(Raw data begins)

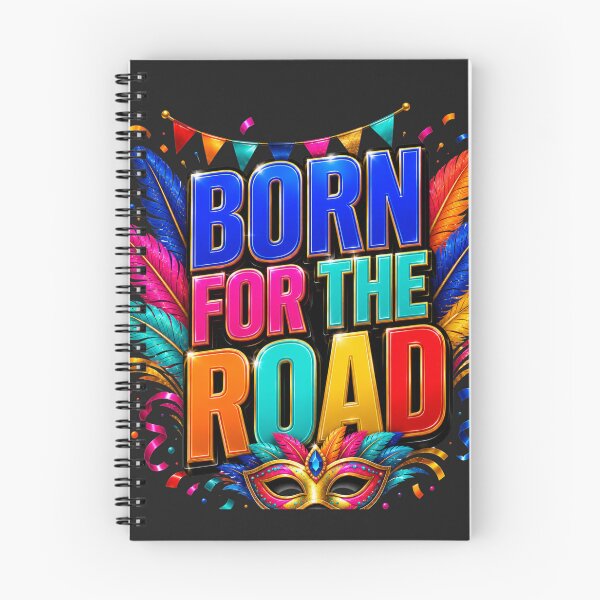 Item preview, Born for the Road Glossy Caribbean Carnival Soca Shirt designed and sold by GiftLore Studio.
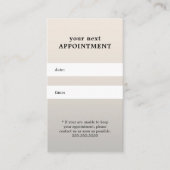 Einfache elegante Black Silver Schönheit Ernennung Terminkarte (Vorderseite)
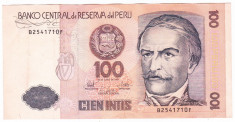 Peru bancnota 100 intis 1987 foto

(Raw data ends)

A verbatim copy of the data, free of pictures, is the expected answer.

 Item preview, Born for the Road Glossy Caribbean Carnival Soca Shirt designed and sold by GiftLore Studio.
 Einfache elegante Black Silver Schönheit Ernennung Terminkarte (Vorderseite)
 Peru bancnota 100 intis 1987 foto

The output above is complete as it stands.